Required action » Leaving the pictures aside, transcribe the data below exactly.

-------- Stored data

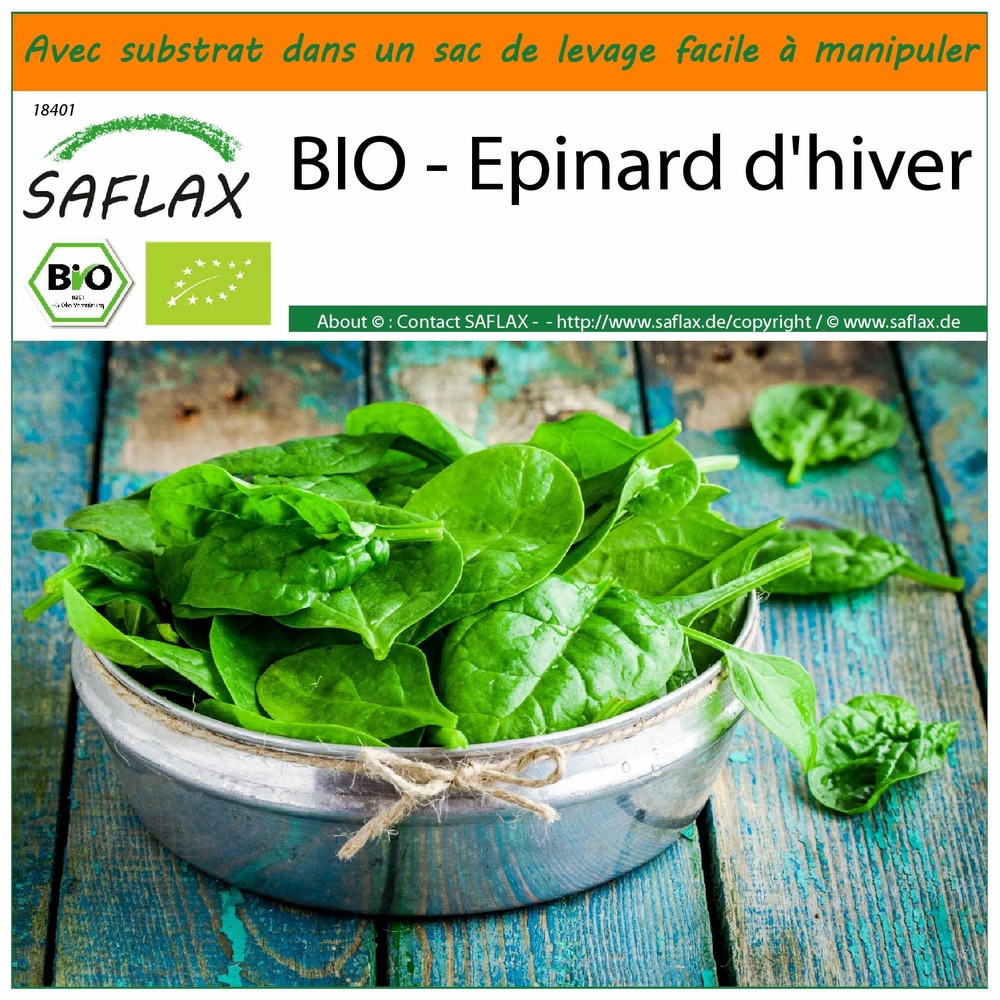 Garden in the bag - bio - epinard d'hiver - 250 graines - spinacia oleracea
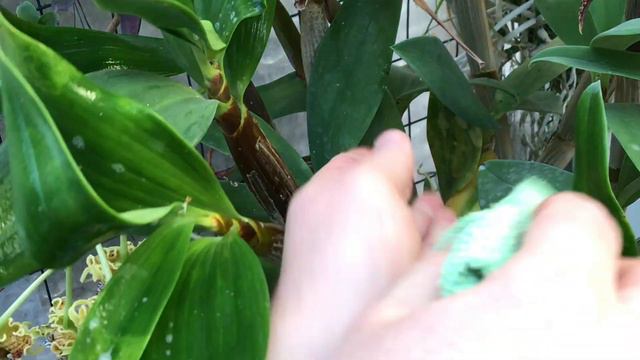 Preparing orchids for the Victoria Orchid Society show 2018 смотреть онлайн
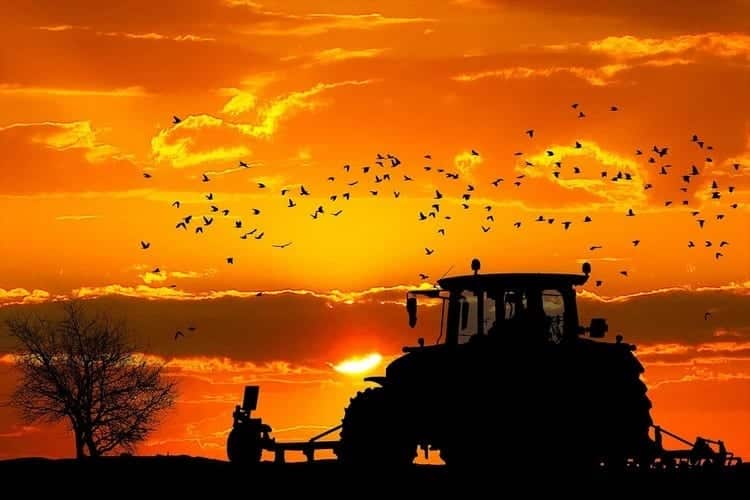 Tecnología y medioambiente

----------------

Exercise solution »
 Garden in the bag - bio - epinard d'hiver - 250 graines - spinacia oleracea
 Preparing orchids for the Victoria Orchid Society show 2018 смотреть онлайн
 Tecnología y medioambiente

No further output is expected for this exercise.